Une nation fait des choix. Être en harmonie avec elle-même pour s’émanciper en tant qu’entité liée par le même destin ou alors, avoir en permanence à gérer des histoires qui la divisent et l’appauvrissent. Entre les deux, notre pays a choisi les histoires dont certaines, à l’instar des scrutins annoncés pour décembre, sont simplement idiotes, à l’encontre du bon sens. N’est-ce pas qu’au Togo on avance à reculons, sans voir le précipice?
Référendum, locales, législatives, le tout en cinq jours. Calendrier titanesque, digne des exploits de Gargantua et Pantagruel réunis. Bientôt, la CEDEAO enverra ses «experts galants» se ballader dans Lomé; leur mission : superviser les joyeuses parodies et cocasseries du superman Kodjona Kadanga. Rien que du très normal, aux yeux de ces experts et de leurs mandataires, pour une République bananière où même les bananes sont un luxe pour les affames à qui la République n’a rien à offrir autre que la débauche, la désespérance et la dépression mentale. Le projet de la CEDEAO pour le Togo, un pays où dirigeants et affidés marchent sur la tête, n’aura été, finalement, qu’une coûteuse oisiveté qui laisse intacte la crise.
Fabre, Adjamagbo et la C14 se sont fait prendre. Leur situation se complique même. Le CAR et le PNP font faux bond au reste du groupe sur la question des meetings. La coalition prend un plomb dans l’aile, donnant lieu à un phénomène flou et bizarre qui a l’air d’un éclatement en gestation. Où est passé l’appel à Faure de venir négocier les conditions de son départ? Où sont les hymnes harangueurs appelant à l’élimination immédiate de Satan, de ses auxiliaires et des loups ravisseurs? L’erreur de la C14 est d’avoir quitté la rue pour le piège du dialogue. Au sortir de ces pourparlers superflus et inopportuns, c’est Faure Gnassingbé qui se frotte les mains, en conquérant: ne doit-on pas dire qu’il a réussi à avoir le beurre, l’argent du beurre et la culotte de la crémière? Où est-elle, cette opposition qui jouait au preux chevalier devant d’immenses foules surchauffées? Dépouillée de son arme et poussée dos au mur, la voilà qui doit maintenant affronter le dilemme d’élections bidons à hauts risques. On croyait la C14 tenir le bon bout, mais c’était sans compter avec son étonnante capacité à trahir les seuls pouvoirs qu’elle possède : le pouvoir de la rue et des principes. En abandonnant ces deux pouvoirs, l’opposition a mal fait son lit. La question est de savoir comment, au soir du 20 Décembre, elle va se coucher. Va-t-elle jeter le manche après la cognée en optant pour le boycott?
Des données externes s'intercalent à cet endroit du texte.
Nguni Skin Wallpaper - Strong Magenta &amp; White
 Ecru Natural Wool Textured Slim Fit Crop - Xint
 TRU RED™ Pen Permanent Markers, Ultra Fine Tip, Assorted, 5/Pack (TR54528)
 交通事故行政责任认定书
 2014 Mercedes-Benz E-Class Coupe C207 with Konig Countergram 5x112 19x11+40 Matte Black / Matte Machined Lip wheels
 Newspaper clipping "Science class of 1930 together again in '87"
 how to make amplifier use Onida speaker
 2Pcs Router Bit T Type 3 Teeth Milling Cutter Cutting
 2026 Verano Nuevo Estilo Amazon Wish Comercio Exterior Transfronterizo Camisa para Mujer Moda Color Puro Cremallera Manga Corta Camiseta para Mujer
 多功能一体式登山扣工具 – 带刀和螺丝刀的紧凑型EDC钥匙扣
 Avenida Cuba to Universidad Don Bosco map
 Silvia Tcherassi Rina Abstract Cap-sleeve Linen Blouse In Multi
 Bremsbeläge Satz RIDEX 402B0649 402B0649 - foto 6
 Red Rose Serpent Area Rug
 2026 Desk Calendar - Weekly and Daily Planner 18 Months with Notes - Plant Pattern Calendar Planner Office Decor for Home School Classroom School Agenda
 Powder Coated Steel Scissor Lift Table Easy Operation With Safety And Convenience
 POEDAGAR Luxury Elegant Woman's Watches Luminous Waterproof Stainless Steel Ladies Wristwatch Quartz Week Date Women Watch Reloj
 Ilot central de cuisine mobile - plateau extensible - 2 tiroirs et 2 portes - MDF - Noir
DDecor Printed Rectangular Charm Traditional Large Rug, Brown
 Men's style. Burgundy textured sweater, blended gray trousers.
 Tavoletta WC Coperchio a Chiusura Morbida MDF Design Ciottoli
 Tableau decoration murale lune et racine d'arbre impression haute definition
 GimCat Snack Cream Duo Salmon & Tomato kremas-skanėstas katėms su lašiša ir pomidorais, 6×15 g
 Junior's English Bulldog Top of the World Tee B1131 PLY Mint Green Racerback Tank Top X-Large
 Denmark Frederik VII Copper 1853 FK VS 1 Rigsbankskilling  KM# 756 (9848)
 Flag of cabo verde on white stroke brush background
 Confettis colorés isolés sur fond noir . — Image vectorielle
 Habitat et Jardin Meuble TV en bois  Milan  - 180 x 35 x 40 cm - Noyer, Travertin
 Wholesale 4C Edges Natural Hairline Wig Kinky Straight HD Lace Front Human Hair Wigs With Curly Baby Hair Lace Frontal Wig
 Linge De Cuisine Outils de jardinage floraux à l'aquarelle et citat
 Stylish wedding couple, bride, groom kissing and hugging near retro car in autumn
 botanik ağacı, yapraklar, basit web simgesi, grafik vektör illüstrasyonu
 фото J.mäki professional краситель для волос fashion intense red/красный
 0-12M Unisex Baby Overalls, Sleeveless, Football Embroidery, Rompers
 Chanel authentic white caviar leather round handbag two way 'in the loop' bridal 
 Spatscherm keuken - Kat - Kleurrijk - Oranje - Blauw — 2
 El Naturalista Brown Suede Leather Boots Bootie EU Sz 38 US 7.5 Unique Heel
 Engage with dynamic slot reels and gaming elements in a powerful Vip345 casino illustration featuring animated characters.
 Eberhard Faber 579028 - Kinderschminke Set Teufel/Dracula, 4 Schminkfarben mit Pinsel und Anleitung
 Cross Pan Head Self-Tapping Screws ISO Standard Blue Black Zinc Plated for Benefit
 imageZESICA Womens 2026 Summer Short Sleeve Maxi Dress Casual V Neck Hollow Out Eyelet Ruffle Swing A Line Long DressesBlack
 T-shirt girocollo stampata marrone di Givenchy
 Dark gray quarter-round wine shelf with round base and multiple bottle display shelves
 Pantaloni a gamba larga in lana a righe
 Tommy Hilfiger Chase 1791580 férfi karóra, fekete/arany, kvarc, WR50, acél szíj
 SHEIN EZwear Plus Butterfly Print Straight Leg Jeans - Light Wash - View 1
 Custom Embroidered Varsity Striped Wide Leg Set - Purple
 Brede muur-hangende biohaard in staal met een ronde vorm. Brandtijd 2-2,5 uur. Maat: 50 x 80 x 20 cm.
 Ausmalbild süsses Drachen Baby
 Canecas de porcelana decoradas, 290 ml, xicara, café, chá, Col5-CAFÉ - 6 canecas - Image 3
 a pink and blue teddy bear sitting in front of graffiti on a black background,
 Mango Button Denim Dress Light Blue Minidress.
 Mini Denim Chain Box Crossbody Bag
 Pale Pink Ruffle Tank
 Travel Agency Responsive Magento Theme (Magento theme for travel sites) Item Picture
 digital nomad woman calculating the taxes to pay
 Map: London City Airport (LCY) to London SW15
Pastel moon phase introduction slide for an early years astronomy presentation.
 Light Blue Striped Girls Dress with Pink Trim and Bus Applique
L’exercice est difficile, même périlleux. Certes, quelque soit l’option, l’opposition sera perdante. Sauf si elle empêche la mascarade de prendre forme. Au cas où elle n’a aucune action choc à portée de main, elle devra alors envisager de négocier la cogestion du pays jusqu’à la prochaine présidentielle de 2020. Cette dernière stratégie dont les chances de succès sont infimes à cause du caractère gourmand du RPT nous conduit, s’il en est besoin, à un passage du livre de Barack Obama, «Dreams from my father».
Dans ce passage riche en enseignements, Colo, l’époux de la mère de Barack, un Indonésien, tient les propos suivants : Les hommes se comportent exactement comme le font les pays. L’homme le plus fort prend la terre du plus faible. Il fait travailler le plus faible dans sa propriété. Et lorsque l’épouse du plus faible est belle, le fort la lui arrache… Et Colo de demander au jeune Barack : «lequel entre le faible et le fort aimerais-tu devenir quand tu seras grand ?» Voyant le fils de son épouse confus et muet, Colo, le papa indonésien du Kenyan Hussein, poursuit sa réflexion : Vaut mieux être fort, mais au cas où tu ne peux pas l’être, sois habile et rusé. Et si possible, négocie ta part avec le plus fort tout en veillant à ce que cela te procure une paix qui te profite. Toutefois, conclue le père, c’est toujours mieux d’être fort (et craint) soi-même…..
Etre fort c’est la seule quête qui reste à l’opposition à entreprendre. Et comment va-t-elle redevenir forte, respectée et, pourquoi pas, crainte? La réponse à cette question va déterminer la suite de la lutte du peuple togolais pour la démocratie.